You know Liu Bolin. He’s the Chinese artist who looks like a graffitied wall. And an aisle of soft drinks down the supermarket. Or a cubicle office. Commencing his chameleon career in 2005, with the genesis of his ongoing Hiding in the City project, Bolin’s practice has been fuelled by the advent of widespread image sharing; such is the impressiveness of his shrouded self in countless works over the ensuing decade.
Like all upstanding figures with a high public profile, Liu Bolin recently worked on a marketing campaign to draw attention to a good cause. Except Liu doesn’t have a public profile, does he? In lieu of having an instantly recognisable persona, the artist — who’s been dubbed The Invisible Man — simply did what he does best to draw attention to the United Nations Global Goals campaign.

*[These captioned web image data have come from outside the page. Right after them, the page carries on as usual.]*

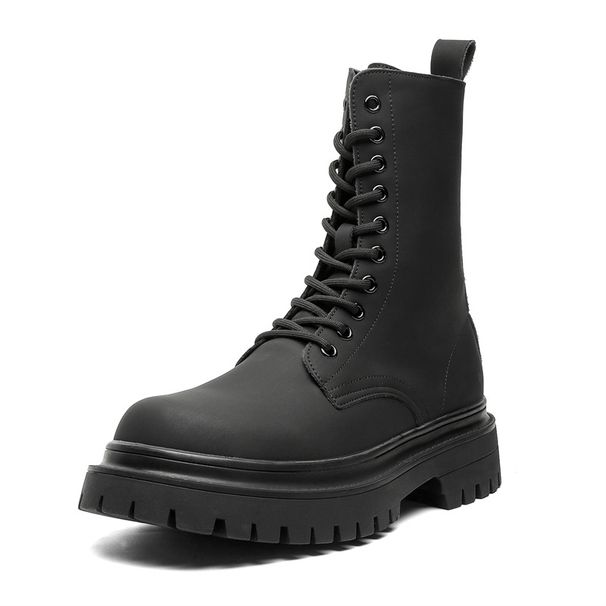 Lace-up Slim Martin Boots Retro Thick-soled Heightening Locomotive Wind Tooling Boots Short Boots_viptrois.com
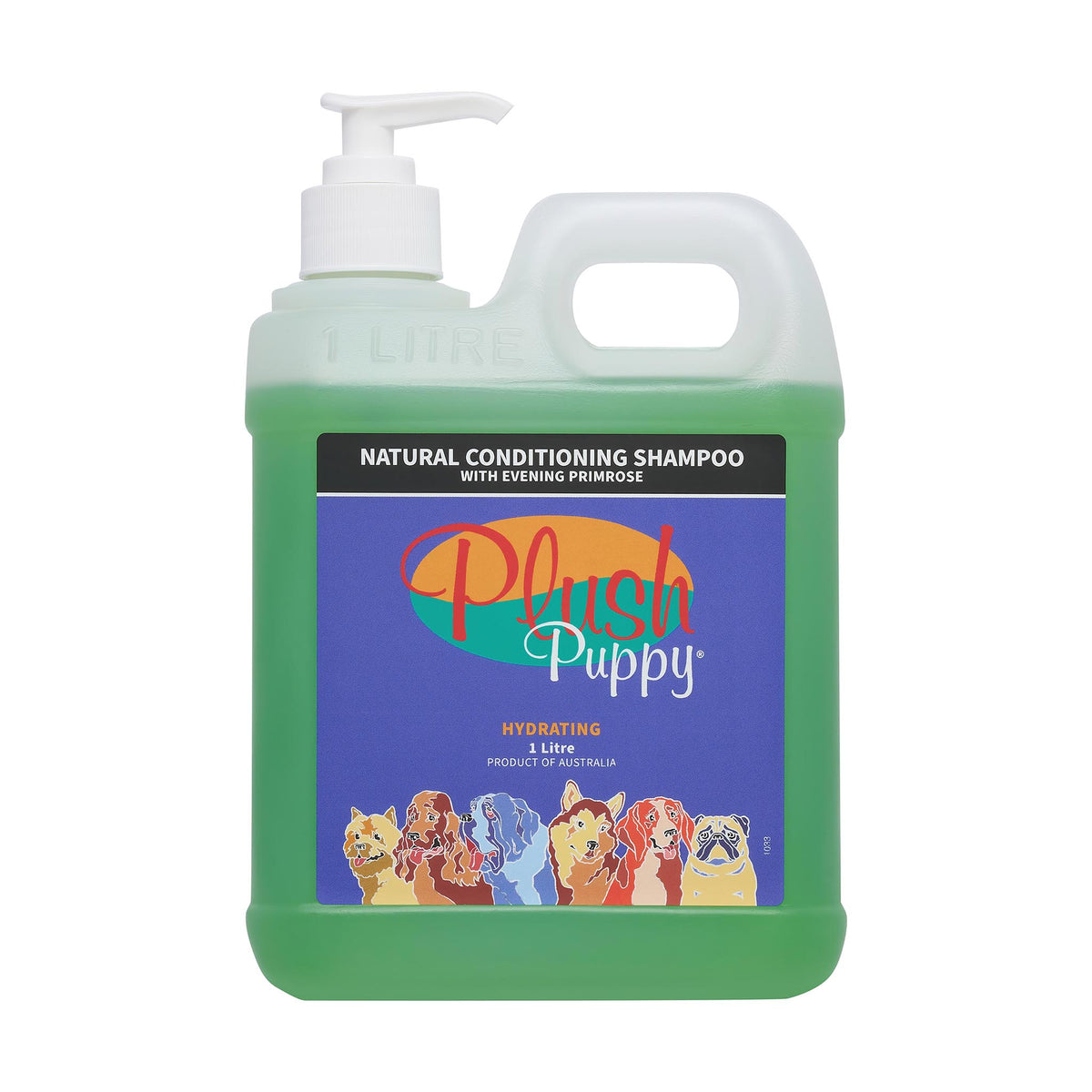Plush Puppy Natural Conditioning Shampoo with Evening Primrose 1 litre pump bottle, front of pack
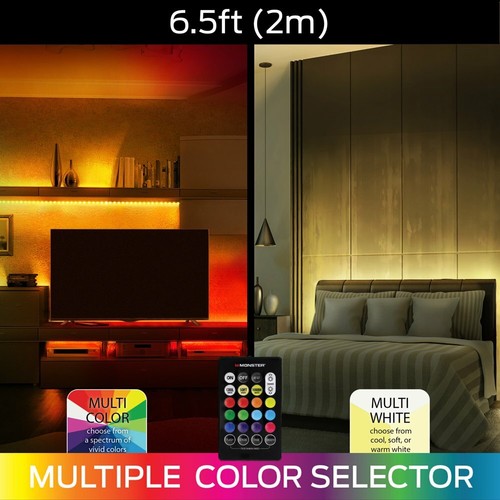 Monster Multi-Color Multi-White LED Light Strip with Remote (MLB7-1027-BLK) - Picture 7 of 12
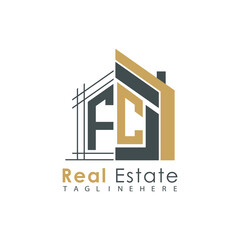 Fototapeta premium initial monogram logo for real estate with Home shape creative design.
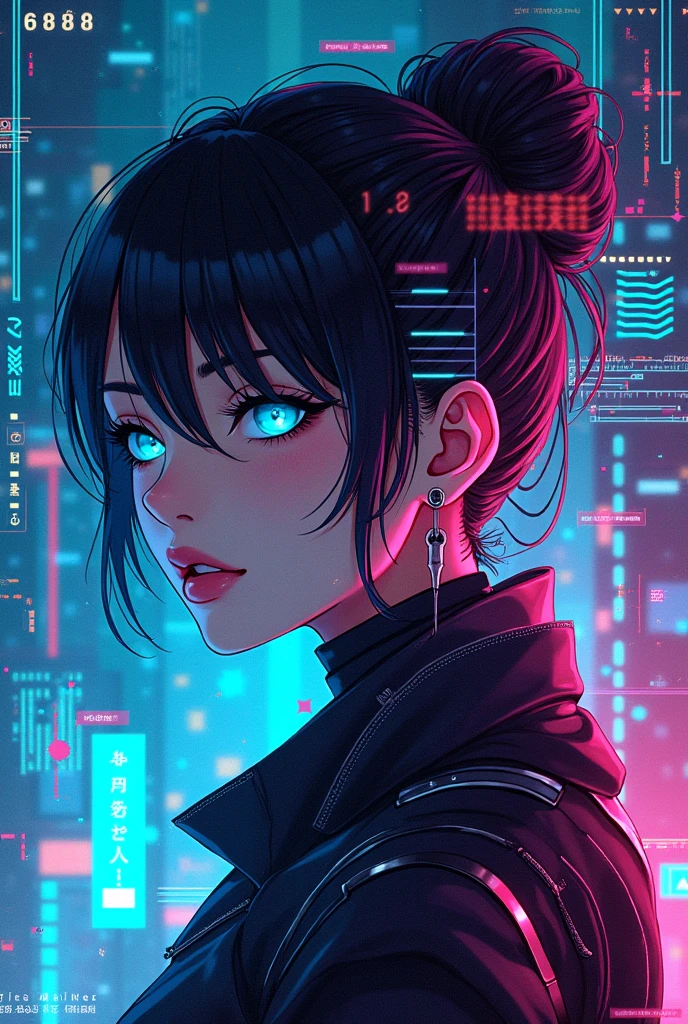 Make a beautiful stunning unique innovative id card template with cyberpunk and anime design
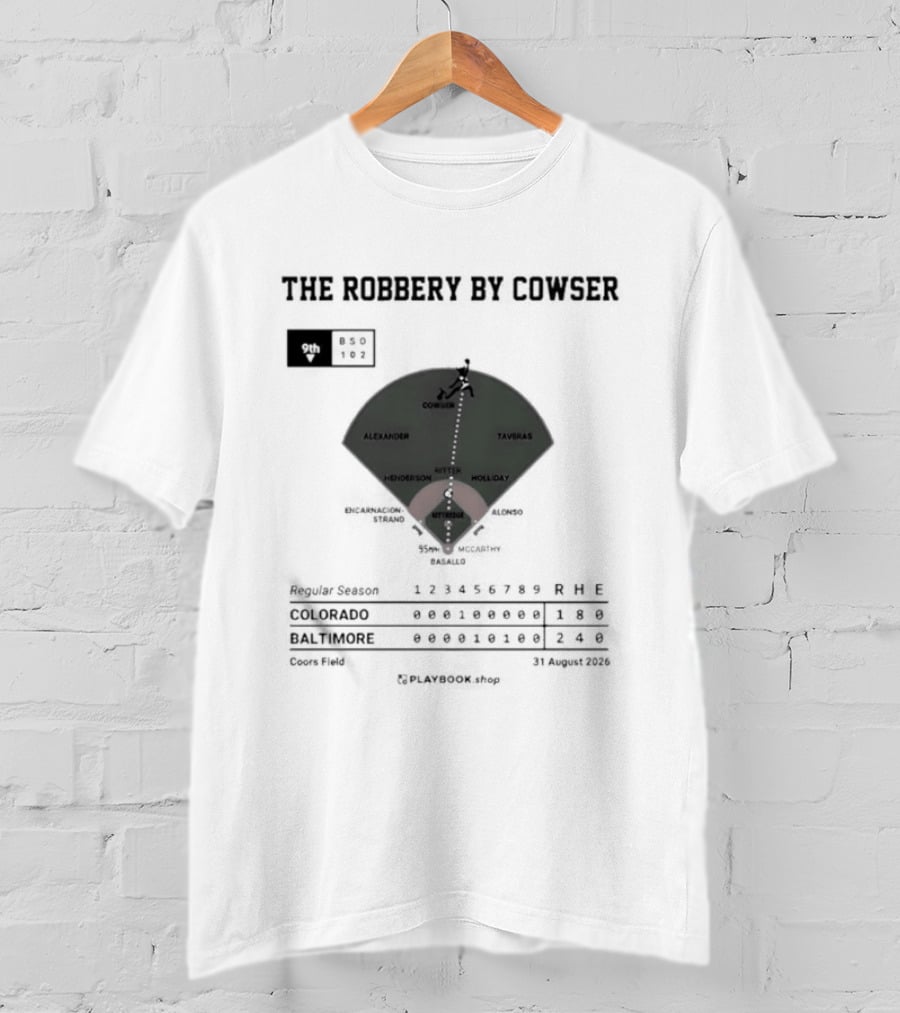 Colton Cowser The Robbery By Cowser Baltimore Baseball Stadium Layout T-Shirt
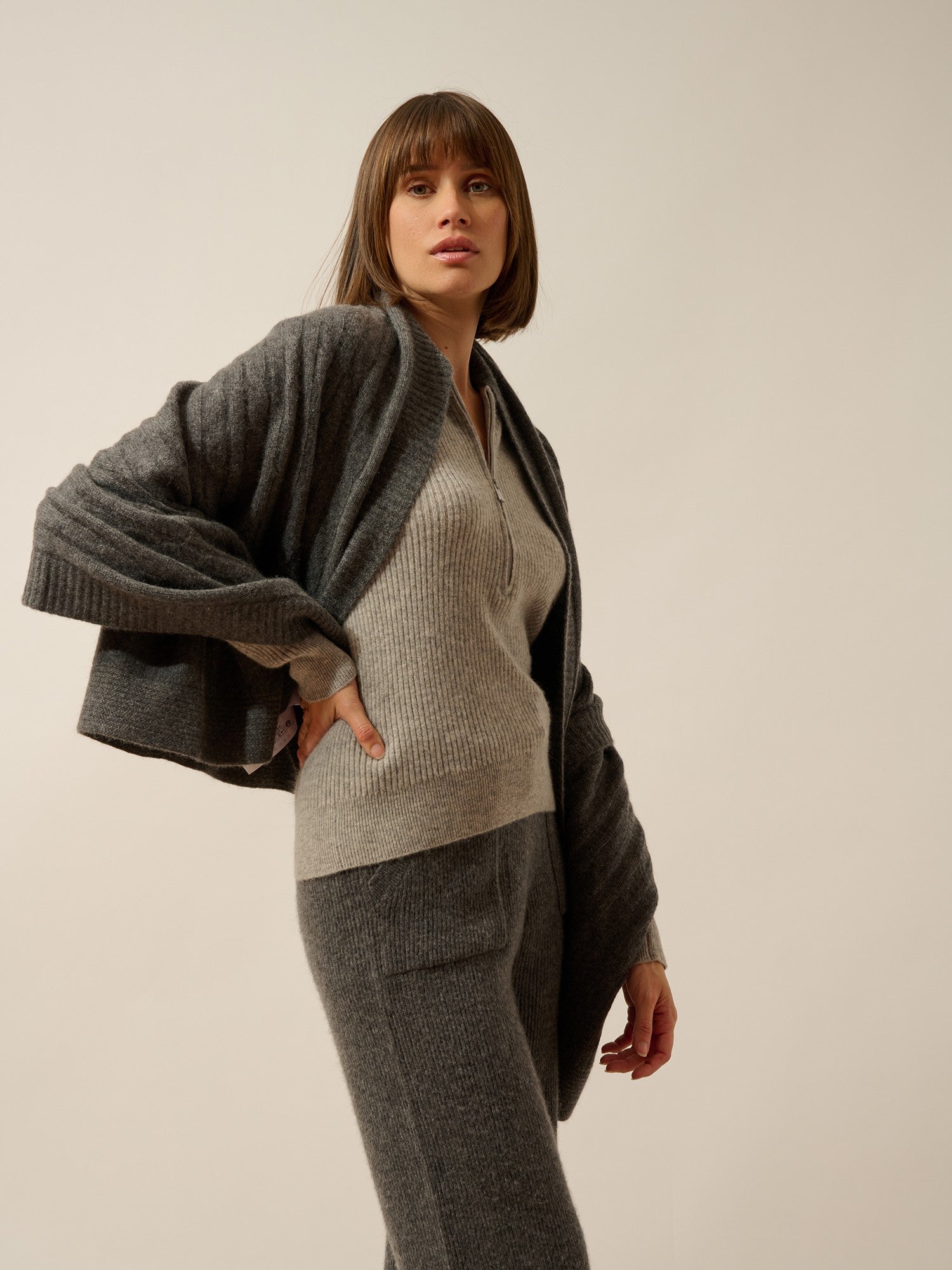 claribel plaid 4 fils anthracite chiné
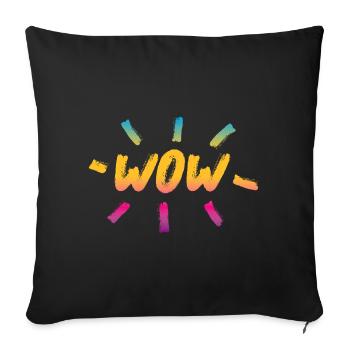 WOW pinceau arc-en-ciel écriture manuscrite enthousiasme plaisir - Coussin et housse de 45 x 45 cm - noir - Devant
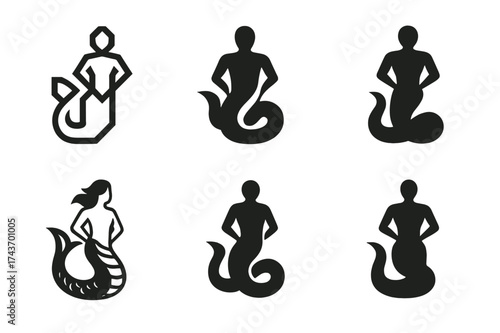 Naga Logo Variations. A mythical creature blending human and animal features. Set Logo of naga: human torso with serpent lower body. harmonious logo variations
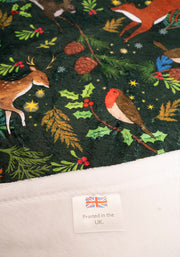 Pop-under Winter Woodland Print Plush Blanket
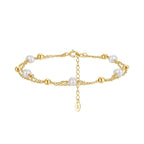 Dewlight Pearl Link Layered Bracelet, Dainty Chain Bracelet, Minimalist Pearl Jewelry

With 17 goals aiming to combat extreme poverty; inequality; injustice and climate change, the UN are calling it ‘the biggest campaign of all time’, with the aim of reaching seven billion people in seven days from 25 September. Buoyed by the challenge, Liu was keen to get on board; “We can’t stand idle around these issues. We need to do something. Art cannot change the future, of course, but it can touch the present” his rallying call. Except he did stand idle, and heavily camouflaged in front of the 193 United Nation countries’ flags. But what’s a little hypocrisy amongst friends?
Frankly, Liu Bolin does standing idly better than anybody I know, and these behind-the-scenes images from his work The Future give just an inkling of a glimpse into how much goes into his famous images. Stellar work, for a stellar project. Bravo!